The U.S. Food and Drug Administration (FDA) has defined economically motivated adulteration (EMA) as the “fraudulent, intentional substitution or addition of a substance in a product for the purpose of increasing the apparent value of the product or reducing the cost of its production, i.e., for economic gain.”[1] Common types of EMA include substitution or dilution of an authentic ingredient with a different and cheaper product; flavor or color enhancement using illicit or unapproved substances; and mislabeling of a product. An EMA incident results in brand damage; significant economic loss for industry; costs to government from public health, regulatory agency and law enforcement response activities; and consumer mistrust in the food system. The Grocery Manufacturers Association (GMA) estimates a single EMA incident results in an annual revenue reduction of 2–15%, depending upon the company’s size. Likewise, GMA also estimates EMA costs the global food industry $10 to 15 billion annually.[2] Overall, EMA results in unfair market competition, complicates supply chain control and oversight, and impairs transparency initiatives to improve consumer trust.

Perspective on EMA
EMA generates considerable concern from multiple perspectives: company brand protection, criminality, public health and consumer fraud. Ongoing EMA-related research at the Food Protection and Defense Institute (FPDI) focuses on the vulnerabilities in the food system, drivers that create an opportunity for EMA and the impact of EMA with an emphasis on public health consequences. While EMA perpetrators do not intend to cause illness or death, as that will reveal the adulteration, EMA may still result in public health harm.[3] Illnesses in both human and animals have occurred due to fraudulent adulteration, typically when the adulterant is toxic or allergenic.[4] This results in EMA not only being an economic crime but also a public health threat.
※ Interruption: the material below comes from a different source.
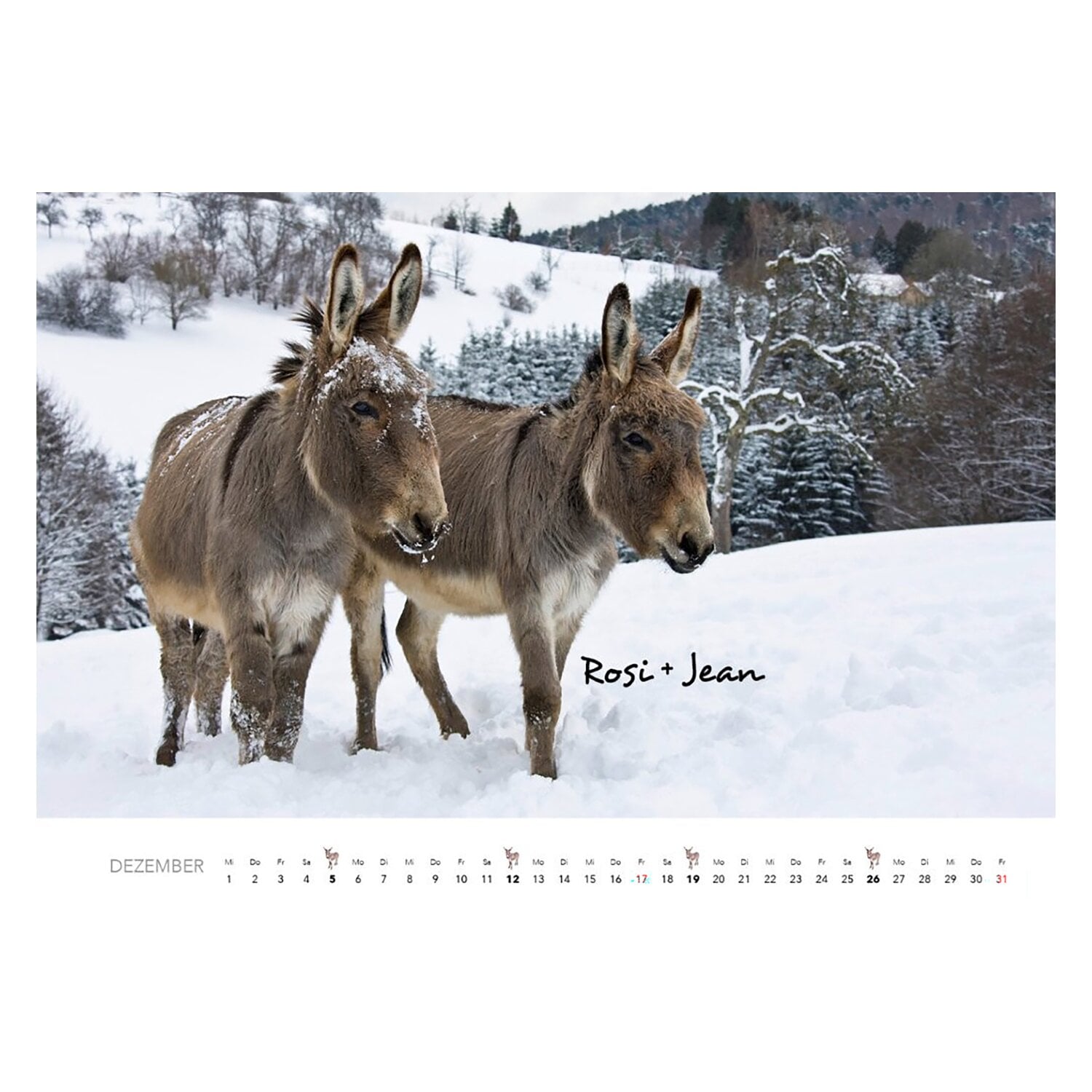 Kalender Esel &ndash; Ansicht 5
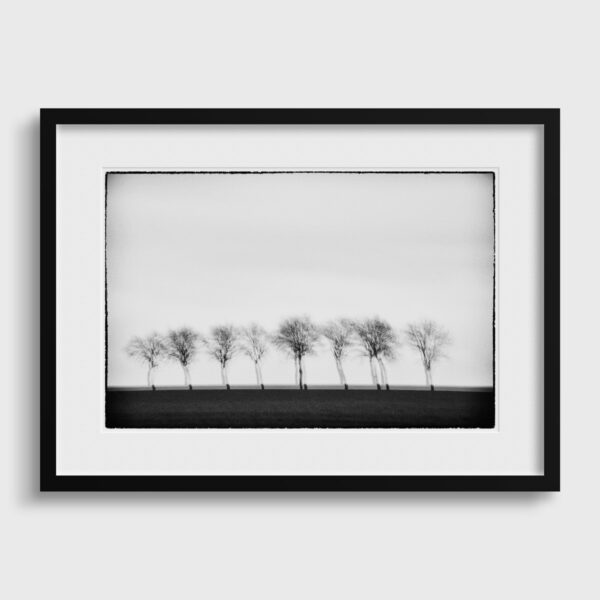 Trees II Glitches Serie Sebastien Desnoulez tirage Fine Art Une image pour rever Passe partout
EMA and Impacts on Public Health
EMA presents a potential public health threat because adulterants may be unconventional, unexpected, and uncontrolled when they’re added to food. In many cases, the adulterant may be a benign substance–possibly another food ingredient–used to substitute for more expensive ingredients. An adulterant may also be used to dilute an authentic product or mask the identity of substituted ingredient. Benign adulterants include ingredients such as cheaper spices, plant fibers, oils, juices and even fish species. There are times, however, when adulterants are not benign, and perpetrators substitute an ingredient without considering health consequences. For example, this includes inserting an ingredient unfit for consumption, an unapproved additive or a known allergen.[5] While the perpetrator doesn’t intend to cause harm, as they are focused on economic gain, the extent of the consequences may not be known until it’s too late.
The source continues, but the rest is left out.